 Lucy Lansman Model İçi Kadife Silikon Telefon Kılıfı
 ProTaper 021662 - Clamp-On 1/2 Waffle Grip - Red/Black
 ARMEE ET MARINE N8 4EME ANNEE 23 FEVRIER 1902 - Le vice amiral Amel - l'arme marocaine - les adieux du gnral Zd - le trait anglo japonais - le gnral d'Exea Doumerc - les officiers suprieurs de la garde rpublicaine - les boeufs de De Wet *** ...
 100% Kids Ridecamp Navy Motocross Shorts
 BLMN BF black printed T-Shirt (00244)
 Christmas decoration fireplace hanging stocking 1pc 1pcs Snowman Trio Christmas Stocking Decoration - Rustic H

::::::

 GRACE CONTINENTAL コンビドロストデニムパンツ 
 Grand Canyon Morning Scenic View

::::::

Working from the material above, restate word for word the lines between the line with "Lucy Lansman Model" and the line with "Christmas decoration fireplace", both included, and only those.

--- COMPLETED EXERCISE ---
 Lucy Lansman Model İçi Kadife Silikon Telefon Kılıfı
 ProTaper 021662 - Clamp-On 1/2 Waffle Grip - Red/Black
 ARMEE ET MARINE N8 4EME ANNEE 23 FEVRIER 1902 - Le vice amiral Amel - l'arme marocaine - les adieux du gnral Zd - le trait anglo japonais - le gnral d'Exea Doumerc - les officiers suprieurs de la garde rpublicaine - les boeufs de De Wet *** ...
 100% Kids Ridecamp Navy Motocross Shorts
 BLMN BF black printed T-Shirt (00244)
 Christmas decoration fireplace hanging stocking 1pc 1pcs Snowman Trio Christmas Stocking Decoration - Rustic H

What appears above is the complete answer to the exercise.